No Chateaubriand, o menu custa entre 55 euros (R$ 130) e 65 euros (R$ 153) -no D.O.M., em São Paulo, a degustação com oito etapas sai por R$ 400. "Quero manter meu restaurante acessível para que meus amigos possam vir aqui, não apenas os ricos e esnobes."

Apesar da admiração por chefs de vanguarda, como o espanhol Andoni Aduriz (do restaurante Mugaritz), ele diz seguir a bistronomia, movimento que une a comida de qualidade da alta gastronomia com o serviço informal dos bistrôs. Seu restaurante preferido é o Le Baratin, em Paris, a casa simples da argentina Raquel Carena. "Depois de 15 anos, acho que há uma nova geração de chefs, talvez um pouco mais personalista."

De Israel para Paris

A intimidade com as panelas nasceu quando Iñaki estava em Israel, aos 27 anos, em busca de um emprego como jardineiro. "Tinha terminado um namoro e resolvi viajar. Naquela época, havia muito trabalho em Tel Aviv."
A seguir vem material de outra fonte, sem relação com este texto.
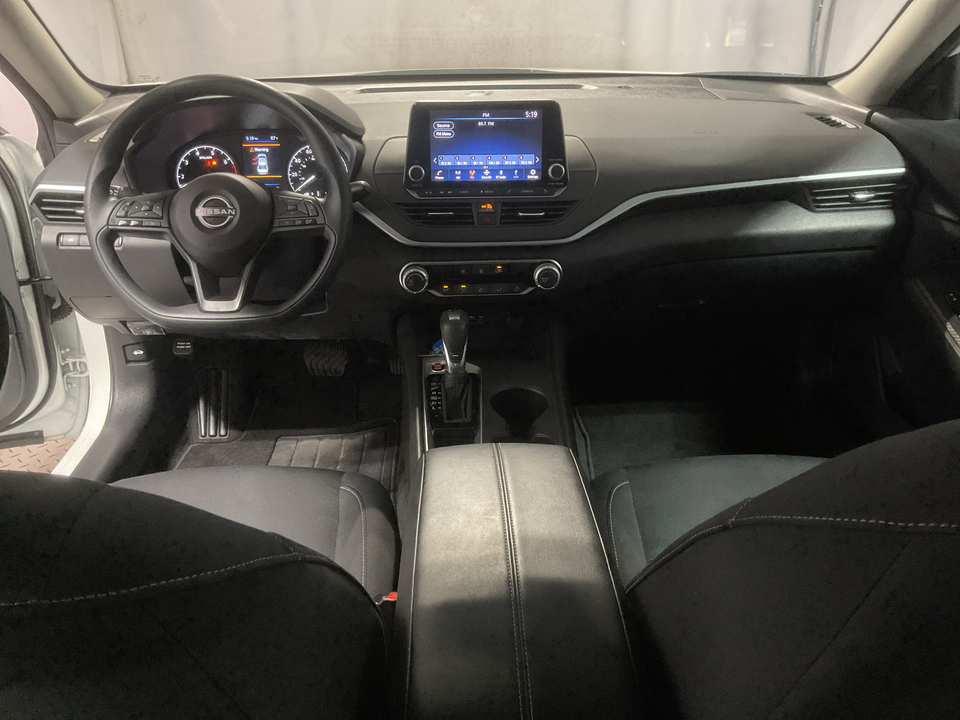 2025 Nissan Altima 2.5 S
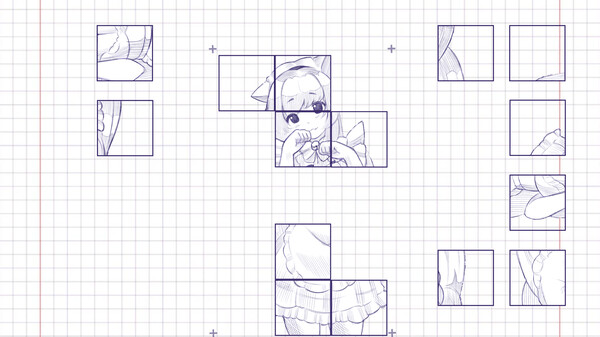 Ink Neko Maid screenshot 3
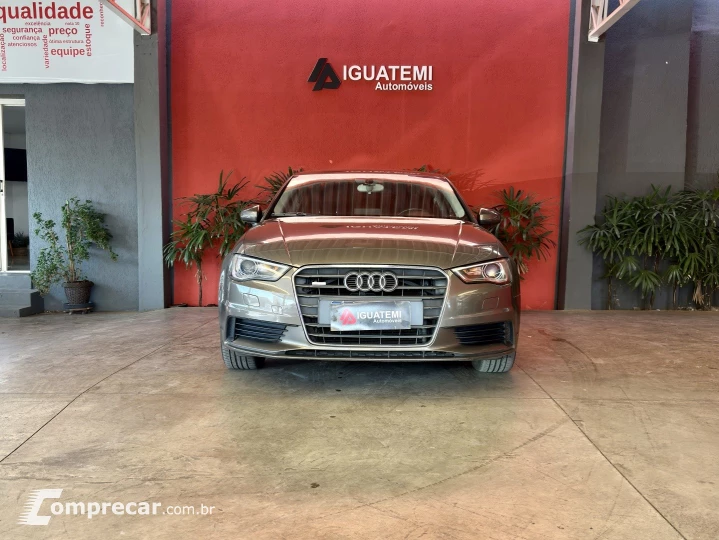 A3 1.8 TFSI SEDAN 16V 180CV GASOLINA 4P AUTOMÁTICO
Iñaki não encontrou vaga para a jardinagem, mas para lavar pratos num restaurante, onde acabou mostrando sua habilidade com as facas, já que cozinhava em casa. Duas semanas depois, diante da opção de voltar para as plantas, preferiu ficar com a comida.
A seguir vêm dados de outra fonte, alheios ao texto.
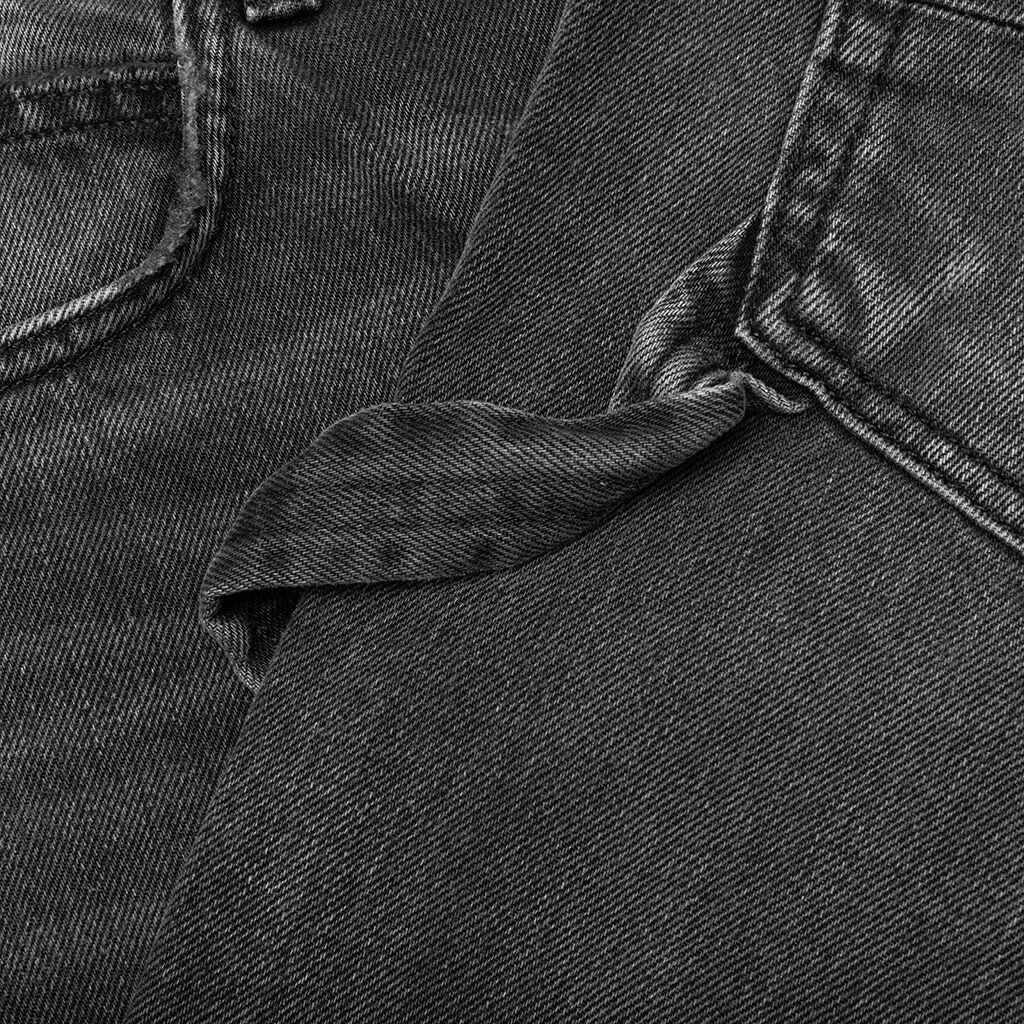 Carpenter Jean - Rain Grey - Image 4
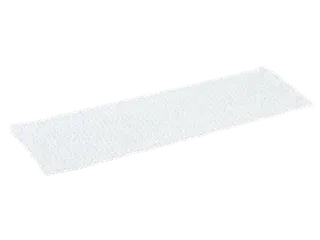 Microfibre Easy White disposable mop droog 40cm, 20st/pak - 1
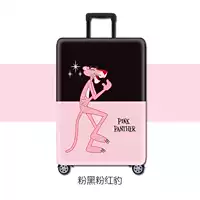 Hành lý chống chịu phụ kiện liên quan đến hộp hành lý nắp hành lý kéo thanh áo khoác vali hành lý bụi che 20 2 thay khóa kéo vali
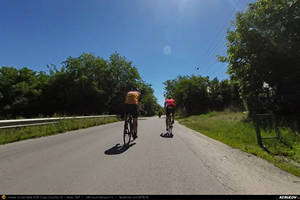Trasee cu bicicleta MTB XC - Traseu SSP Bucuresti - Alunisu - Darasti-Ilfov - 1 Decembrie - Adunatii-Copaceni - Darasti-Vlasca - Novaci - Popesti - Mihailesti - Stalpu - Iepuresti - Singureni - Darasti-Vlasca - Adunatii-Copaceni - 1 Decembrie - Darasti-Ilfov - Alunisu - Bucuresti de Andrei Vocurek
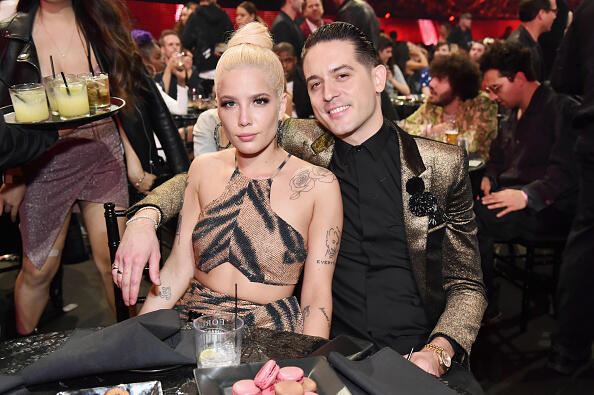 G-Eazy Takes Dig At Past Relationship With Halsey in His New "EP" - Thumbnail Image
Seguiu no mesmo restaurante por seis meses, quando voltou à França, decidido a morar em Paris pela primeira vez -natural de Besançon, no leste do país, passou a maior parte da vida em Hendaye, na costa basca, terra de seus pais.

Sem dinheiro para um curso de culinária, mergulhou nos livros. "Fiquei obcecado. Só lia sobre comida. Finalmente, tinha encontrado minha paixão no trabalho."

Começou a trabalhar num restaurante simples, o Café des Délices, "quando percebi que a comida podia ser algo pessoal". Depois foi para o La Famille, em que chamou a atenção da mídia pela primeira vez e, por fim, para o Transversal, no MAC/VAL, o Museu de Arte Contemporânea de Val-de-Marne, onde as exposições eram traduzidas em menu. Neste último, surgiu a ideia de abrir seu próprio endereço.

Em 2006, foi inaugurado o Chateaubriand, na mesma vizinhança onde Iñaki mora desde que chegou de Tel Aviv, hoje com a mulher e o filho de seis anos. Naquele ano, ganhou o prêmio Le Fooding (da revista homônima) de melhor restaurante da cidade.

No rastro do sucesso, inaugurou no ano passado o bar Le Dauphin. Localizado a dez passos da casa-mãe, o "herdeiro" (significado em francês) foi desenhado pelo arquiteto holandês Rem Koolhaas com mármore e espelhos.

Da cozinha saem pratos pequenos para petiscar, a versão de Iñaki para as tapas espanholas. Uma opção para quem quer provar sua comida sem enfrentar o drama da fila de todas as noites no restaurante original.